He then goes on to say how bad it is that native
Americans get all this preferential treatment (he was
of Hungarian decent, parents caught trying to flee the
communist regime) and if you’re Indian these days its
like being born a prince in a five star hotel.
Unquote.
I tried to tell him that though I’m not completely up
on things south of the border, from what I’ve seen in
Canada being Native aint something to be jealous of,
but he wasn’t really listening.
Other hitcher guy had told me that from the town of
Olympia you could get a bus ticket for six bucks that
would take you all the way to the Canadian border. The
guy tells me he’ll take me to the Greyhound bus
station first, just to check out busses all the way to
Vancouver. It turns out to be thirty dollars and I go
back to the car to tell him I’d rather take the
original cheaper option, but then he just suddenly
starts pushing fistfuls of bills at me, saying that he
really wants me to get home that night. I dutifully
make all the right noises about how, no, I couldn’t,
really, but I’m pretty happy with that.
Slip onto the bus just as its leaving, few hours to
Seattle and wait for the bus changeover, talk to a few
homeless guys and their plans to get out of there,
nother bus across the border and I again have no
problems but we get held up as they for some reason
give a Japanese girl on the bus a good talking to.

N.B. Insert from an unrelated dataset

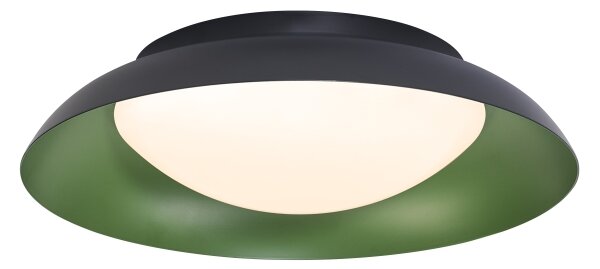Osram - LED stmievateľné stropné svietidlo ORBIS PLATE LED/19W/230V pr.31cm zelená/čierna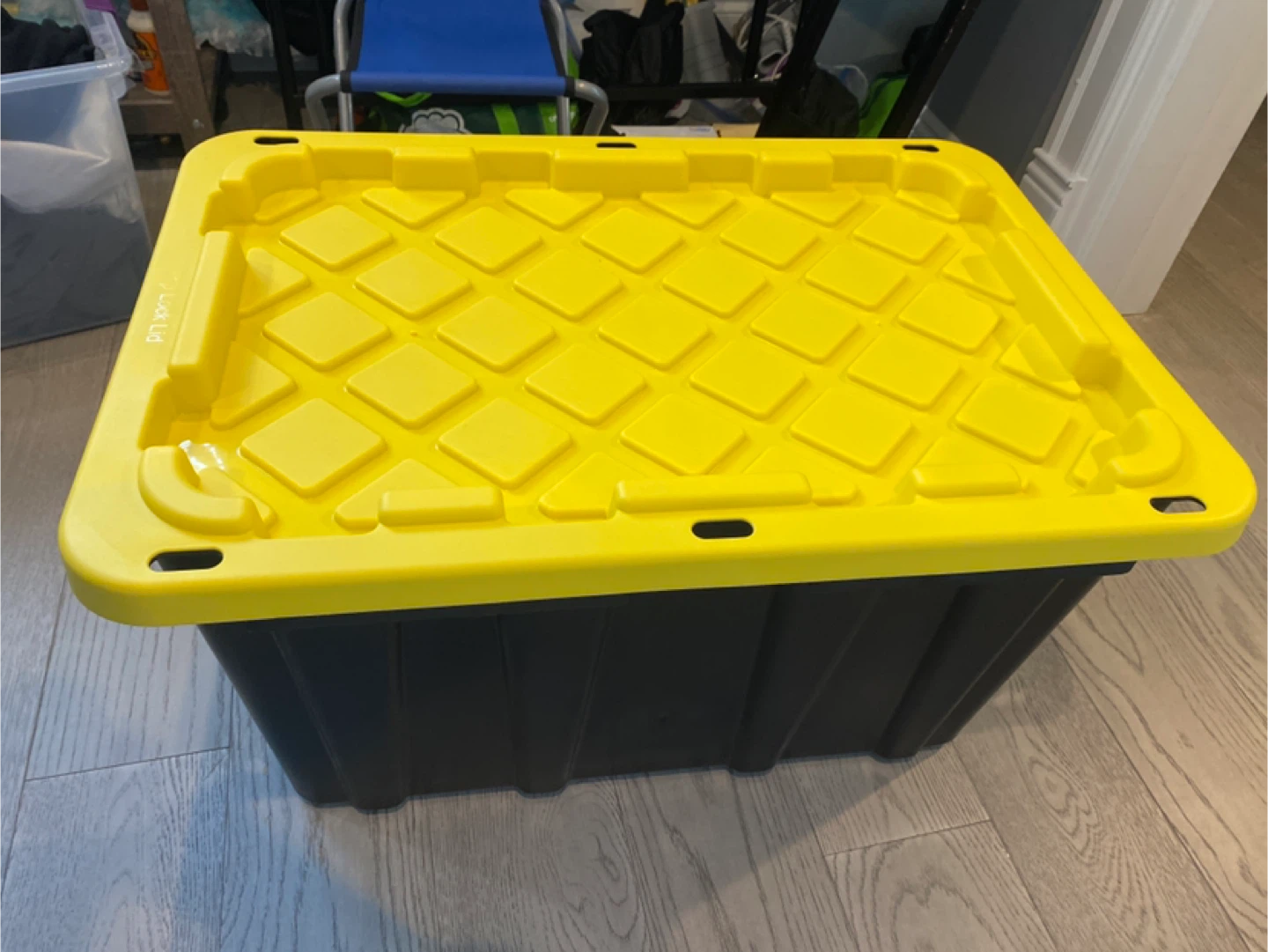 Black & Yellow Storage Container - photo 2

She’d been living in Ohio, of all places, for a year
learning English. She really didn’t speak English that
well. I help her fill out her forms.
When we pull into Vancouver (home at last!) I grab my
pack and make to leg it, say goodbye to her as she
stands with two bigarse trundler suitcases, sports bag
and bunch of shopping bags looking completely lost.
I’m thinking if she’s left to her own devices she’ll
be dead within the hour.
Well no, she’d ask someone at the bus station the way
to her hostel, they’d take one look at her and phone a
taxi.
But it was on my way anyway, sort of, and I’d just
been done a big favour, so I got her on a skytrain, up
stairs, through downtown and to her backpackers.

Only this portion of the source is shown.